Calling `free()` on it directly will corrupt the control block. Always let
Turmeric code manage `rc<T>` lifetimes; pass scalars or opaque `void *`
capability structs across the boundary instead.

**Pitfall:** Cycles in `rc<T>` graphs are broken by the Bacon-Rajan cycle
collector, but only Turmeric-managed `rc<T>` nodes are tracked. If you create
a cycle that involves a raw C pointer (e.g. a C struct that holds a `void *`
back to an `rc<T>`), the cycle collector will not see it and memory will leak.

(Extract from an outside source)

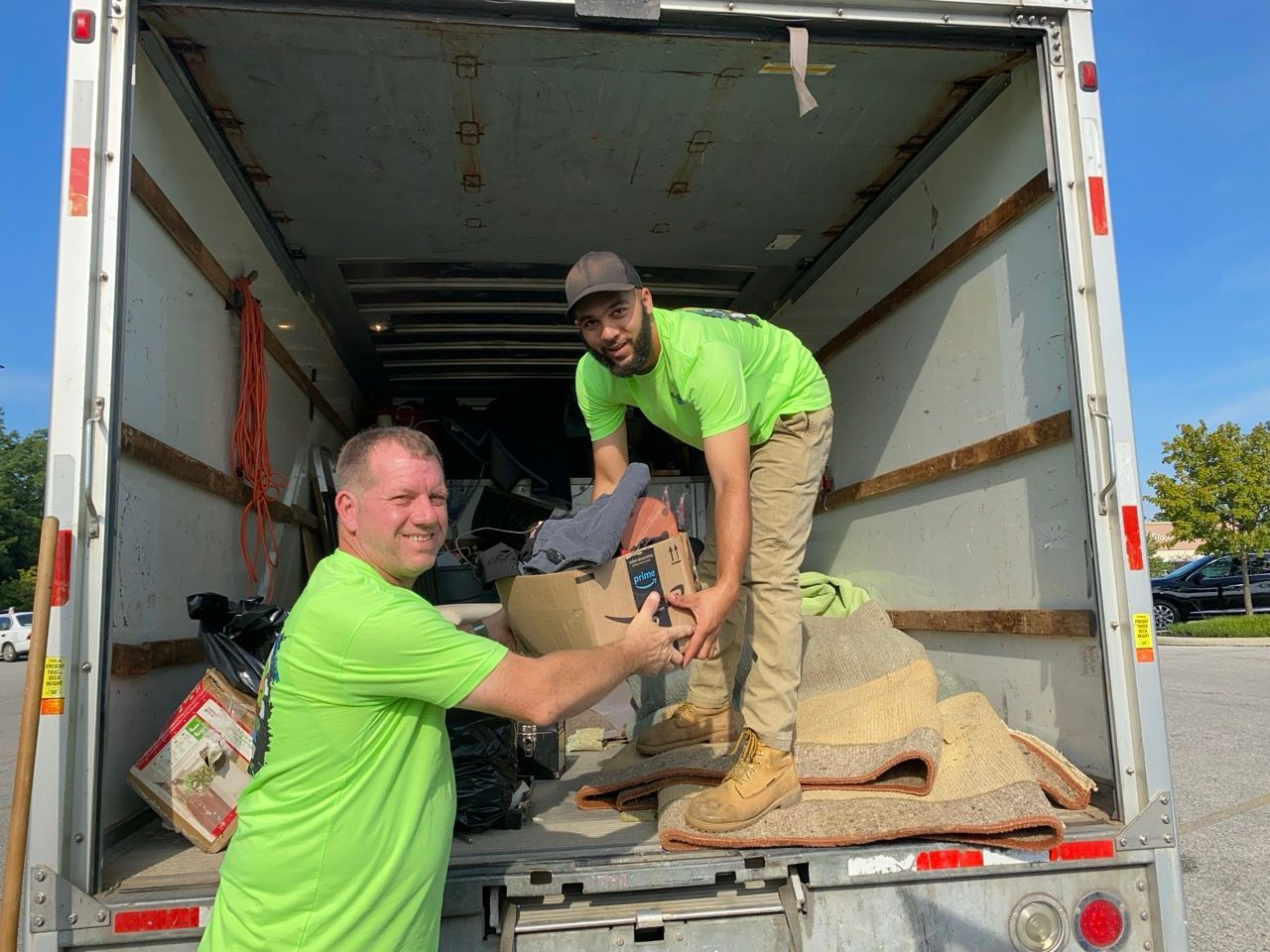 Two men in green shirts are standing in the back of a truck.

### 4.3 Weak pointers — `weak<T>`

A `weak<T>` holds only the control block pointer (strong count = 0 is allowed).
`upgrade` returns a value wrapped in `Option`; if the strong count has reached
zero it returns `nil`. Weak pointers crossing the C boundary have the same
concern as `rc<T>` — do not `free()` them directly.

### 4.4 Manual heap (`malloc`/`free` via `extern-c`)

When an inline C block or `extern-c` call allocates memory with `malloc`, that
memory is invisible to the cycle collector and the borrow checker. You must
`free()` it manually, typically with a matching `extern-c free` call or an
inline block. The stdlib consistently pairs allocating functions with a
corresponding `*-free` function (see `Real-Random-free` above).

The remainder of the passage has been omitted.